Excerpted records:
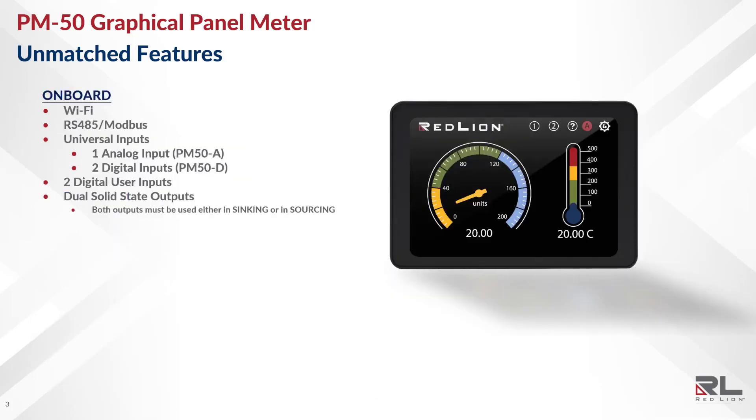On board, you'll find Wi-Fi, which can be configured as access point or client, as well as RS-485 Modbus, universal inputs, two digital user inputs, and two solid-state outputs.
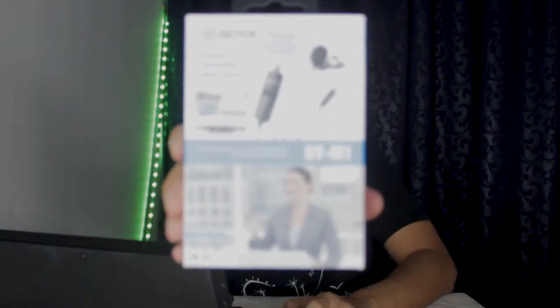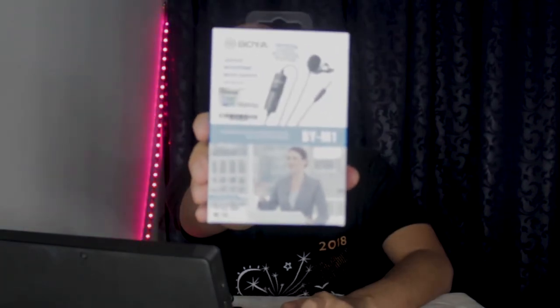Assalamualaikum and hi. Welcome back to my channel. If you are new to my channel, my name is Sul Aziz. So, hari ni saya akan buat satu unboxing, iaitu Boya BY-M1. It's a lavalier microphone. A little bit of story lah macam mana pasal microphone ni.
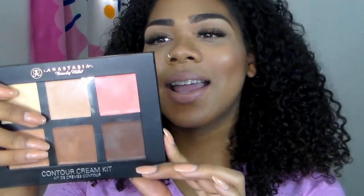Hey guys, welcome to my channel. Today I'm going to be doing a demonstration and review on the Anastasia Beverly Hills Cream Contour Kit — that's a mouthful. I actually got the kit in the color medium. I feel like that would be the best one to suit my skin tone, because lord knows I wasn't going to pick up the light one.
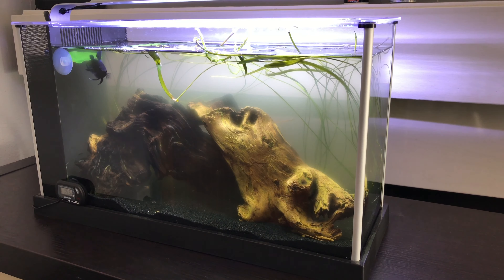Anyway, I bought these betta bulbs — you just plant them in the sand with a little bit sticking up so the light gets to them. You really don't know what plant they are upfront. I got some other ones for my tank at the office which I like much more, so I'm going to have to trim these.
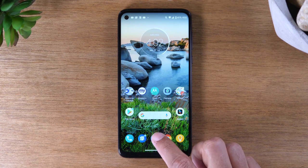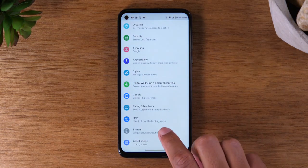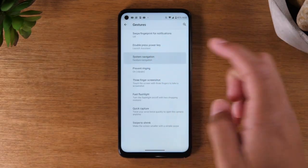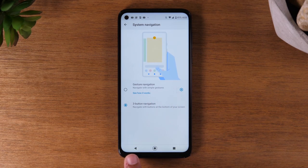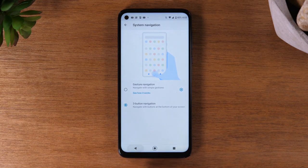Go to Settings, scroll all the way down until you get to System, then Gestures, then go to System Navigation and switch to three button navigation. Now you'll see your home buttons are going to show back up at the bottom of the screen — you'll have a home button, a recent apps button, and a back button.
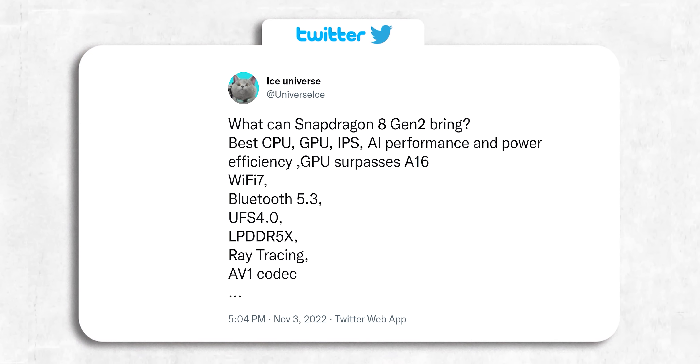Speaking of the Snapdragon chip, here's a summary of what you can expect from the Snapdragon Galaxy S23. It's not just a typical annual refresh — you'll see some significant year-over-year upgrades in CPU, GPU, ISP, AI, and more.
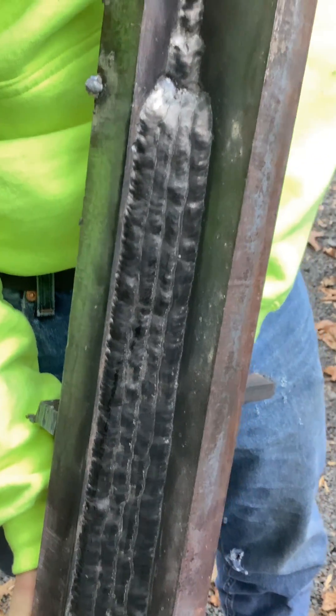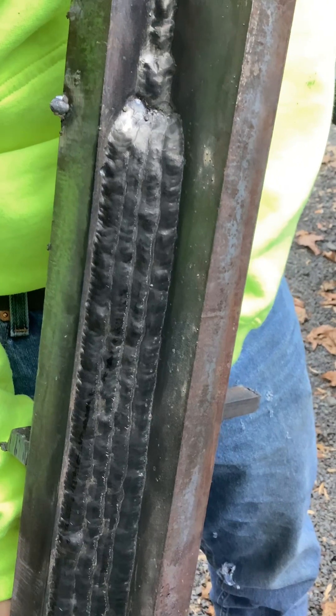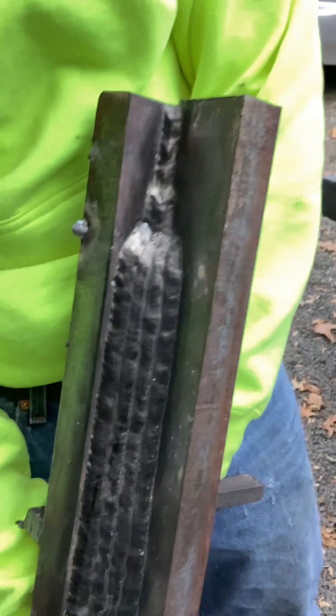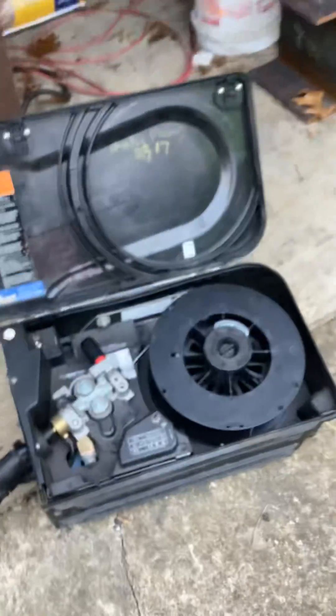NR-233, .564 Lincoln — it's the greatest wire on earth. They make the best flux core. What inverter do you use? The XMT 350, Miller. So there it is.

Task goal: Transcribe exactly each line of the records from the start up to and including the one with "Assalamualaikum and hi.", and leave out every picture.

Solved exercise:
On board, you'll find Wi-Fi, which can be configured as access point or client, as well as RS-485 Modbus, universal inputs, two digital user inputs, and two solid-state outputs.
Assalamualaikum and hi. Welcome back to my channel. If you are new to my channel, my name is Sul Aziz. So, hari ni saya akan buat satu unboxing, iaitu Boya BY-M1. It's a lavalier microphone. A little bit of story lah macam mana pasal microphone ni.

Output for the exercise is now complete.